:: Working data

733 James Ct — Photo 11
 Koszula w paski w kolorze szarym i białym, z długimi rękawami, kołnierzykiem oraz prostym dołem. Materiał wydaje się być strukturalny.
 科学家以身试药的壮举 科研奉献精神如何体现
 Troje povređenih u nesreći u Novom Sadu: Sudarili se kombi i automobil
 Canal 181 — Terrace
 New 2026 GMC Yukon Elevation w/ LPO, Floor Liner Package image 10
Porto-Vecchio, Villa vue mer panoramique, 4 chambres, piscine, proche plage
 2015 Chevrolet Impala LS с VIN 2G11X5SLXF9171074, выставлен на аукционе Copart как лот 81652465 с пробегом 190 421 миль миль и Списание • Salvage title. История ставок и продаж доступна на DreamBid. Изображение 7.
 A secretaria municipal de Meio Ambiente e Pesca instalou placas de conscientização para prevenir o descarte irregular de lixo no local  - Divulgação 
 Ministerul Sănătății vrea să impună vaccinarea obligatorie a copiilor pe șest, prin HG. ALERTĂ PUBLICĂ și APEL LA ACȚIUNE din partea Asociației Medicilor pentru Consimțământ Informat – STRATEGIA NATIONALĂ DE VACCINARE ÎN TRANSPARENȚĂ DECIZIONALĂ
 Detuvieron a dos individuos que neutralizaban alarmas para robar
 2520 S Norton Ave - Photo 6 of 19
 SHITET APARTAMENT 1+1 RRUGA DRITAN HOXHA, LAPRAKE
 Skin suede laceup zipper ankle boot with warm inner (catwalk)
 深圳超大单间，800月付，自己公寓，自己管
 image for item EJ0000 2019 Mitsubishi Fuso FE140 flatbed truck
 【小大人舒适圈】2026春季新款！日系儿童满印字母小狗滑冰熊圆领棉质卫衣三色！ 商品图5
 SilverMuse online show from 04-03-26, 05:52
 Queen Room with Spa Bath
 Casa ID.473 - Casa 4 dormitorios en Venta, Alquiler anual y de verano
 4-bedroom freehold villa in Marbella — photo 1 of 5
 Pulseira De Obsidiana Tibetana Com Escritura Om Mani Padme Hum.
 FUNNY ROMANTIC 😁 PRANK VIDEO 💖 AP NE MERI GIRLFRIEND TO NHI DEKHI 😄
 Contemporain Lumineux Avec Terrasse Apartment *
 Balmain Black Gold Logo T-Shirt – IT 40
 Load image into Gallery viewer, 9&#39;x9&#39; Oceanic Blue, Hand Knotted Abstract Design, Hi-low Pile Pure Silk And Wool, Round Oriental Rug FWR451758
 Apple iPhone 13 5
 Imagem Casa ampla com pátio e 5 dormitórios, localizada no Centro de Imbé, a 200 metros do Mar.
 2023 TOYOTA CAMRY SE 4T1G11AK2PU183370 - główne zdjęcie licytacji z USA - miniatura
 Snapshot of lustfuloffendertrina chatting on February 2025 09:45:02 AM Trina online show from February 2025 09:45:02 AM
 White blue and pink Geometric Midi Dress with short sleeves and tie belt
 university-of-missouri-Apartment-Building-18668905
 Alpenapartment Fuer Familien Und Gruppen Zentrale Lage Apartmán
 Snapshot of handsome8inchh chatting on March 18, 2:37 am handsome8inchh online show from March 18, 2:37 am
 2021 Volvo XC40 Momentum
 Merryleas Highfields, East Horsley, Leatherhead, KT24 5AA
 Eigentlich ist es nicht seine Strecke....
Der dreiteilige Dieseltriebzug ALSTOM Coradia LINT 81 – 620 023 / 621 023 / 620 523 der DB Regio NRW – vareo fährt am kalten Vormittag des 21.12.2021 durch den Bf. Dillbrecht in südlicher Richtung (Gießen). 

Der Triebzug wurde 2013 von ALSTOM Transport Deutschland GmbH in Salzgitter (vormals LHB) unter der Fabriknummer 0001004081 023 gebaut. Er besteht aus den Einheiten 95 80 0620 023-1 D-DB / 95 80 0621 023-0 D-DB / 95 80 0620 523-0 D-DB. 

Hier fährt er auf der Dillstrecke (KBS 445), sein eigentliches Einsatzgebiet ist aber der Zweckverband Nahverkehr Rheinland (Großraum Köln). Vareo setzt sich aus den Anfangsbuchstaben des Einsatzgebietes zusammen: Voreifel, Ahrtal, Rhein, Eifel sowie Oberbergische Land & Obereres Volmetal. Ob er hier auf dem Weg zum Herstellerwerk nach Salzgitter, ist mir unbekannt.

::::

## Instructions for the task
Tally the lines in the records that contain "chatting", then give only the tally.

## Written solution
2